Extract the whole listing as it stands. Do not include the pictures.
--- Source data ---
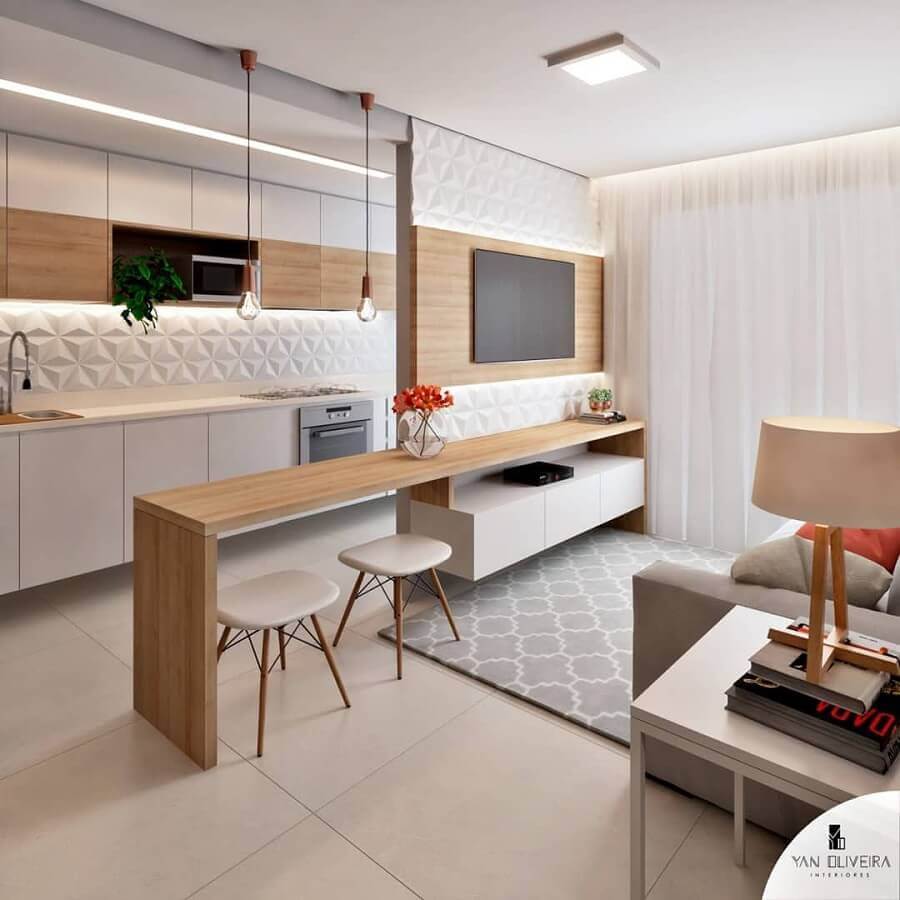Bancada de madeira para decoração de apartamento pequeno com revestimento 3D para cozinha Foto Yan Oliveira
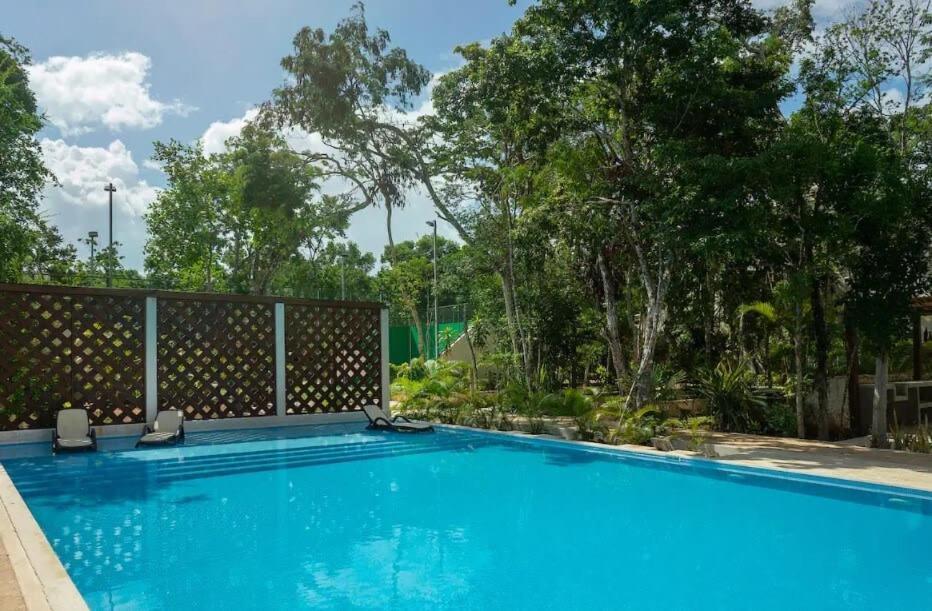 4br Jungle With Jacuzzi In Private Gated Community *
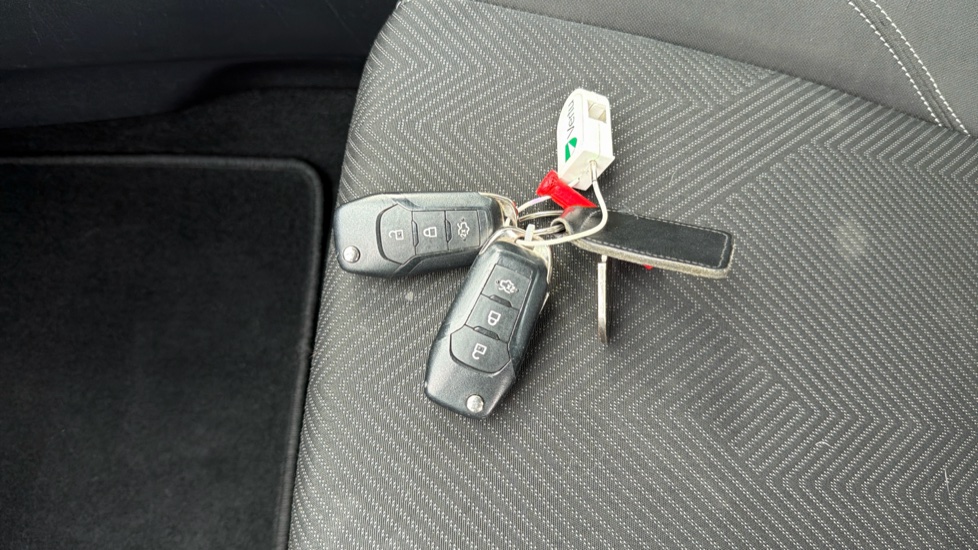 Ford Fiesta 1.0 EcoBoost Trend 5dr Petrol Hatchback - Image 20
---
=== Expected answer ===
Bancada de madeira para decoração de apartamento pequeno com revestimento 3D para cozinha Foto Yan Oliveira
 4br Jungle With Jacuzzi In Private Gated Community *
 Ford Fiesta 1.0 EcoBoost Trend 5dr Petrol Hatchback - Image 20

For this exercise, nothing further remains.